Here are a few of my results from using the auto-select feature on a wanted list
of ~2500 parts in 374 lots.

UK ONLY, straight auto-select:
369/374 lots, 16 stores, £290.88
UK ONLY, manually filling from my own store first, then hitting auto-select:
369/374 lots, 14 stores, £270.19

I also tried the same list from a different account with the same results, so
it isn't just excluding my own store from my own search results.

I understand it's a very difficult programming task especially for such a
large wanted list, however with just one store manually selected, I was able
to reduce the number of stores by 2, and therefore shipping costs, as well as
the parts price by 7%, so why was my store not recommended to me in the first
place?

Let's try something else, and expand our search to EU stores.

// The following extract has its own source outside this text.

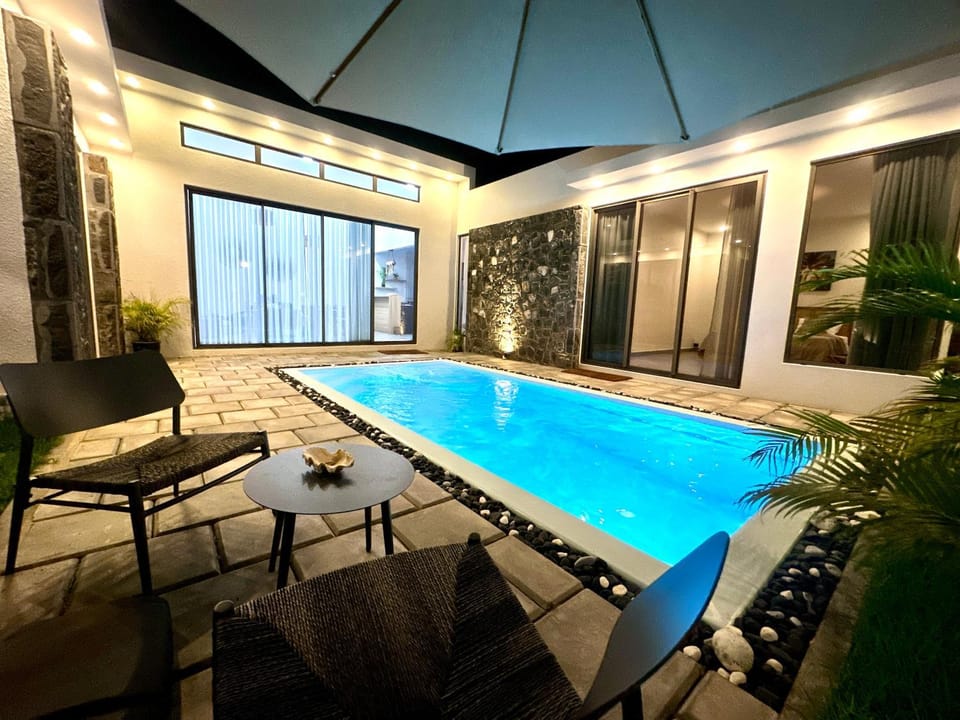 Balcony/Terrace, Swimming pool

EU ONLY, straight auto-select:
369/369 lots, 4 stores, £319.71

To keep it fair I removed the 5 pieces I could not get from UK sellers from the
query.

Now we are at 10 less stores than my optimized UK result, but for £50 more. UK
shipping is not going to be anywhere close to £5 per store, so we have given
the finder more choice, and somehow came away with a worse result.

This isn't even accounting for the fact that most EU stores charge a 5% Paypal
fee that the auto-buy can't see, and also the increased shipping cost for
international transactions.

Let's try and find those hard to find pieces.

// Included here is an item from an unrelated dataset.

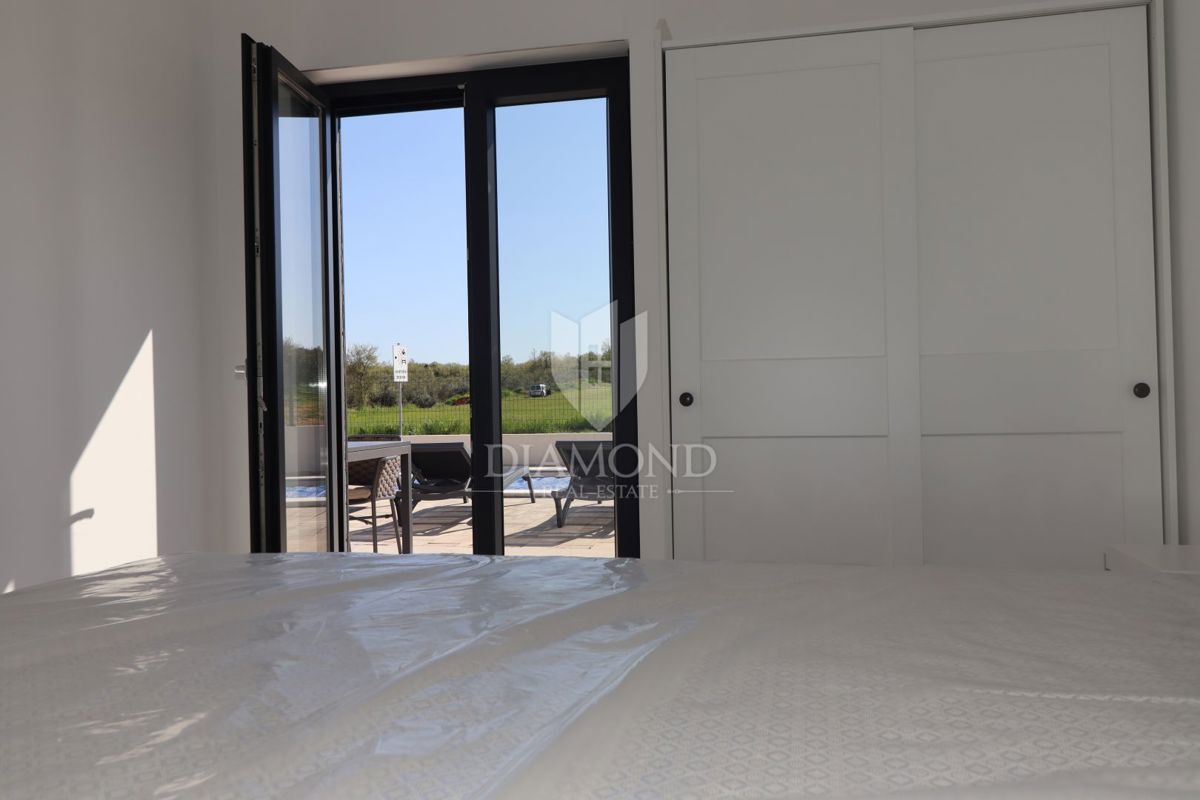 Occasione rara: moderna casa su un unico livello con piscina privata e giardino a Poreč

UK ONLY, straight auto-select, then EU for the missing 5 parts:
374/374 lots, 20 stores, £332.33

EU ONLY, straight auto-select:
374/374 lots, 4 stores, £438.67

Now of course with 16 less stores, I am saving a considerable amount of shipping,
however we are not accounting for the additional 5% Paypal fees from most EU
stores. So average £2 shipping across the UK stores, add 5% to the EU store prices,
and I am still saving £100 by giving the auto-select LESS choice.

Maybe it is just not designed for such a large number of lots, but my list was
just the parts for two medium sized Star Wars models from Brickvault. That seems
like it would be a popular use case.

So what is the solution?

Work backwards. Start with the stores, then find the parts.

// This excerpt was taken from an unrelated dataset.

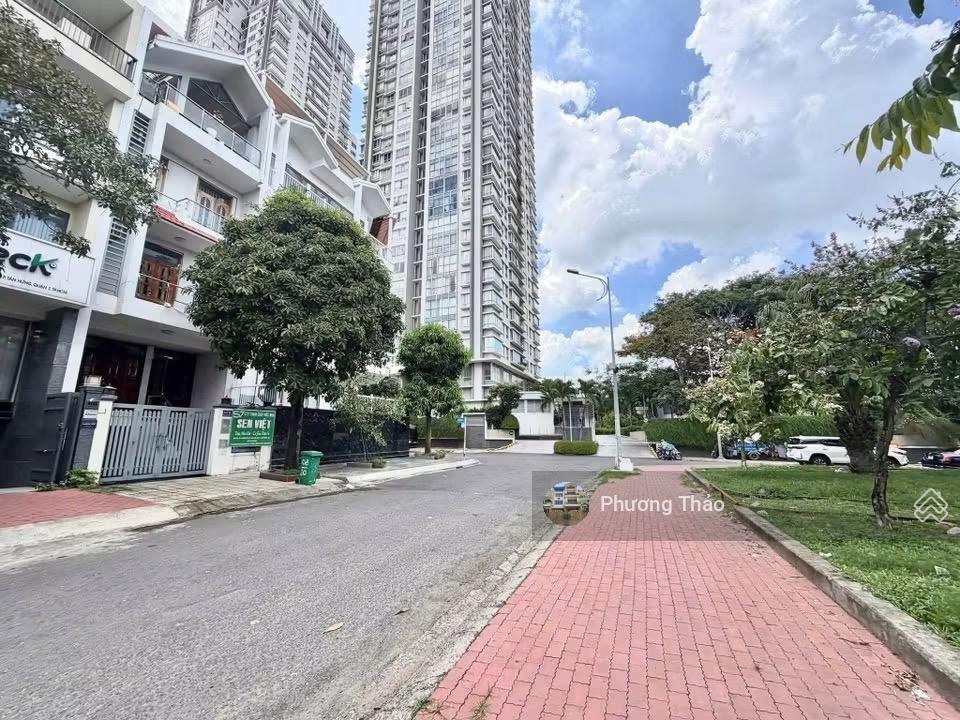 Chính chủ cần bán gấp biệt thự him lam view công viên, giá tốt.  0988 136 *** ms. thảo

With so many stores having a whole myriad of different fees and limits these
days, it makes more sense to start with stores you are comfortable buying from,
and work from there.

I have attached an image of a piece of software that was written by BobDeQuatre
in 2013. It would load your wanted list, then you could give it stores you wanted
to buy from and it would cross reference the prices of all the parts between
the stores. You could then select which parts to buy from each and create the
relevant wanted lists. (if this was built in to BL you could of course just create
carts).

Sadly the software soon broke due to changes on BLs end before it ever had time
to gain traction, and the author did not care to work on the project any longer.

I used this to put together this MOC:
https://rebrickable.com/mocs/MOC-6703/thire5/ucs-arc-170-starfighter/#comments

It was by far the easiest buying experience I have ever had as well as being
the largest MOC I have put together with parts from BL.

You can use the current features to find some stores with a lot of parts you
need with fair prices and terms that an auto finder cannot account for, put them
into this software and cross reference.

Need a rare part? Find a store manually that has it, put that into your table.
That store also had a few of your other parts cheaper than your other chosen
stores? Accounted for.

Unfortunately I am not a programmer, nor do I have the funds that it would take
to hire one, but I think this solution is worth something. I can offer up a token
£100 to anyone that would like a bit of a coding project to dabble with that
could be very beneficial for buyers and sellers alike.

Sorry for the ramble. Any thoughts?

You may noticed that there are stores which generally have everything, but for
truly outrageous prices. Like 2$ for a standard common 1x2 plate and such. Bricklink
algorithm likes to pick pieces from as few stores as possible and so ends up
picking them from super expensive ones.

The simple and working solution is to go through list of stores and if you see
one offering pieces for absurd prices, mark it as "disliked" and then use a checkbox
for not picking disliked stores. I have about 15 stores disliked in EU and get
nice and predictable results almost every time.